Выбрать главу

Когда Европа начиналась в своем крайнем юго-восточном углу на островах греческого моря, в греческих городах на азиатском берегу, она была уже Европой, как зародыш — в потенции — это взрослый человек. Но и не только так; сравнение это не вполне точно. Духовное единство Европы следует уподоблять не столько единству человеческой особи, сколько единству духовного мира, живущего в человеке ведь частью его сознания, духа может стать и то, что вовсе им не унаследовано и даже не усвоено в раннем возрасте, В единство Европы вошли, кроме Греции, и Рим, и самый подлинный Восток в образе иудейских элементов христианства и в лице самого иудейства, которого уже не вырвать из Европы, даже если все евреи пожелают переселиться на старую свою родину. В нее вошло все то, что принесли с собой новые народы, вступившие в ее историю после падения Рима, и в нее может еще многое войти в процессе ее распространения по земле, о чем мы и не догадываемся ныне. Она некогда цвела на скифском берегу Черного моря, и в более близкие времена, не надолго, совсем особый свой облик нам явила в далекой северной Исландии. Славянским народам принесла ее Византия и научила их, конечно, не совсем тому же самому, что заповедал Рим западным народам, но все же, как и он, дала им Грецию вместе с христианством, приобщила их к прошлому, поначалу бывшему им чуждым, но ставшему их прошлым и позволившему им участвовать в создании будущего, которого иначе как европейским назвать нельзя. И в другой своей части, в другом облике своем, но та же самая Европа двигалась с юга на север, с юго-востока на северо-запад, переплыла океан, нашла новое «месторазвитие» на огромном новом континенте, куда она принесла свое прошлое, и совсем не одно только британское, иберийское или только западное, но внутри них или за ними и греко-римское, и византийское, и славянское, ибо духовное единство нераздельно, хотя, разумеется, не всегда и не повсюду оно бывает полностью осознанно.

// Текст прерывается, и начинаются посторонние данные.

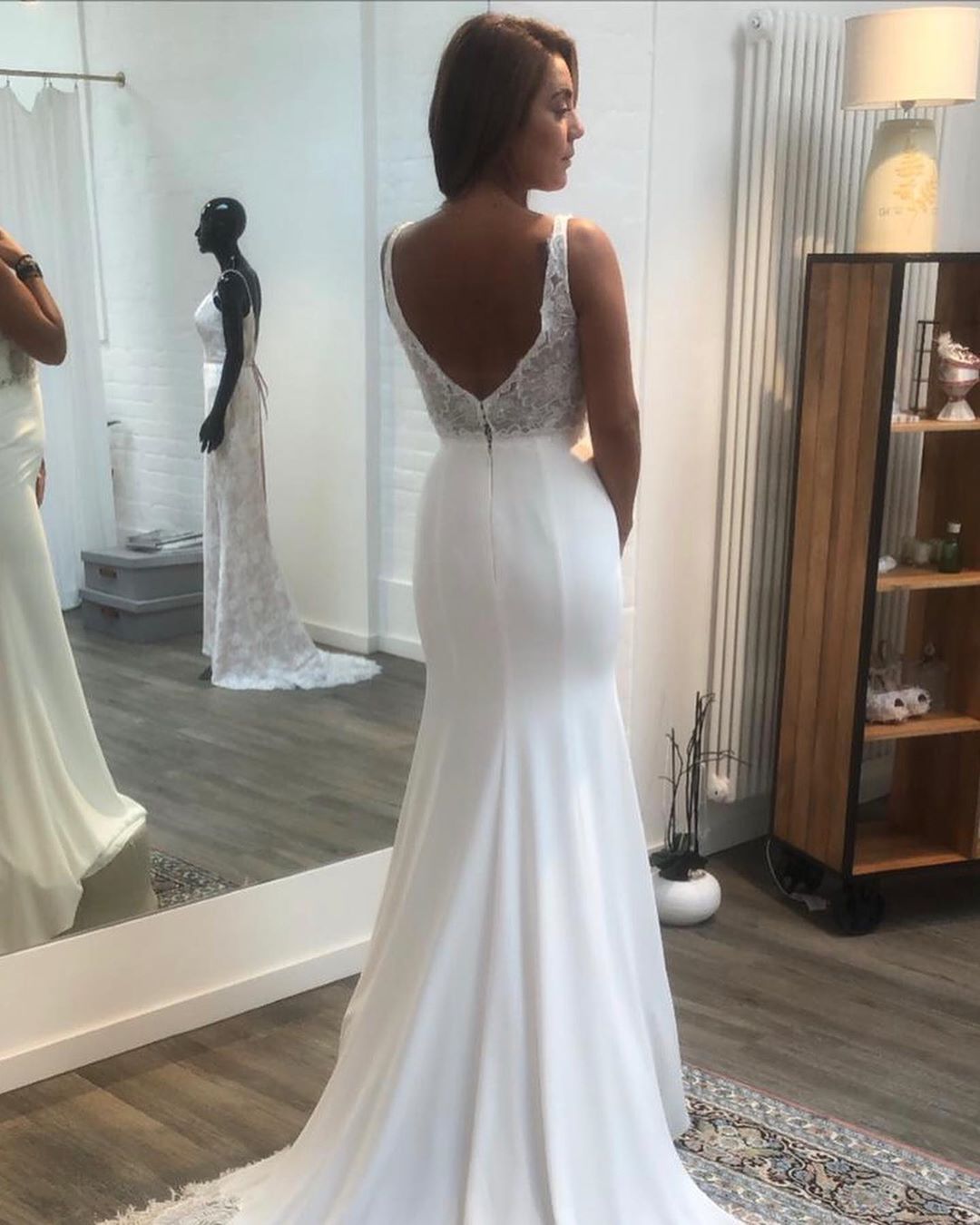 Classic Spaghetti-Straps Mermaid V-Neck Open Back Wedding Dress Floor-Length Satin with Appliques Lace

Любопытно, или вернее — очень характерно, что наиболее продуманные историософские системы, резко отделяющие западную Европу от восточно-христианской, не менее определенно отделяют от обеих греко-римский мир. Так поступают и Шпенглер, и Тойнби, гак они, можно сказать, и вынуждены поступать, ибо византийско-русскую Европу связывает с Западом прежде всего общее прошлое их культуры и, чтобы отрицать их связь, надо от них отсечь их прошлое.

Шпенглер действовал тут наиболее решительно. Он конструировал замкнуто в себе античную культуру, во всем отличную от западной, фаустовской, и отделенную от нее тысячелетним царством третьей, чрезвычайно искусственно (хоть и весьма находчиво) построенной «магической» культуры, включающей раннее христианство Византию, ислам, вследствие чего Россия оказывается совершенно обособленной, не связанной с фаустовской Европой ни античностью, ни даже христианством, которое распадается на три вполне разобщенных между собою формы: магическую, фаустовскую и еще не развитую русскую. Понятно при такой конструкции, что Россия у Шпенглера и вообще, так сказать, остается в будущем. Все ее послепетровское развитие в его глазах — не более чем «псевдоморфоза»: подлинная ее душа лишь прорывается кое-где, у Достоевского, например, в остальном же она внешне подражает Западу, иллюзорно становится Европой. Такое понимание петербургской и пушкинской России внушено Шпенглеру отчасти русскими же славянофилами, отчасти его общей историко-философской схемой. Оно не содержит в себе ничего верного, кроме указания на фанатическое, но верхоглядствующее западничество, которое у нас действительно существовало и подвергалось справедливой славянофильской критике. Но уж, конечно, Достоевский, как и все то, что, по Шпенглеру, предвещает подлинно русскую культуру, вне Европы — и даже без Запада — непредставим; а главное, принадлежность России к Европе и сближение ее с Западом — две вещи разные, хотя принадлежность эта не могла не помочь сближению и, несомненно, содействовала тому, что оно было не иллюзорным, а вполне реальным.